期刊名称:International Journal of Innovative Research in Science, Engineering and Technology
印刷版ISSN:2347-6710
电子版ISSN:2319-8753
出版年度:2017
卷号:6
期号:7
页码:15422
DOI:10.15680/IJIRSET.2017.0607383
出版社:S&S Publications
摘要:Data deduplication is a unique data compression technique. It has been extensively adopted to savebackup time in addition to storage area, especially in backup storage systems. Rapid increase in data and associatedexpenses has inspired the need to optimize storage and transfer of data records. Deduplication has proven a incrediblypowerful technology in removing redundancy in backup data storage. With the explosive increase in data sizes, the I/Obottleneck has emerge as an more and more daunting task for big data analytics within the Cloud. Previous researcheshave shown that slight to high data redundancy truly exists in primary storage systems within the Cloud.
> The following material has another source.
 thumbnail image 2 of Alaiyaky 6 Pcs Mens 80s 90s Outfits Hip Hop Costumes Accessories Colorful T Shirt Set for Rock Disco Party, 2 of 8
Furthermore,at once making use of data deduplication to primary storage systems inside the Cloud will probably reason spacecontention in physical memory and information fragmentation on disks. Primarily based on these observations, wesuggest a overall performance-orientated I/O deduplication, referred to as POD, in place of a capability-orientated I/Odeduplication, exemplified by using iDedup, to enhance the I/O performance of primary storage structures in the Cloudwithout sacrificing capability savings of the latter. POD takes a -pronged method to improving the overall performanceof primary storage structures and minimizing overall performance overhead of deduplication, specifically, a requestbasedselective deduplication method, known as select-Dedupe, to alleviate the data fragmentation and an adaptivememory control scheme, referred to as iCache, to ease the memory competition among the bursty read traffic and thebursty write visitors. Our evaluation consequences additionally display that POD achieves comparable or higherpotential memory savings than iDedup.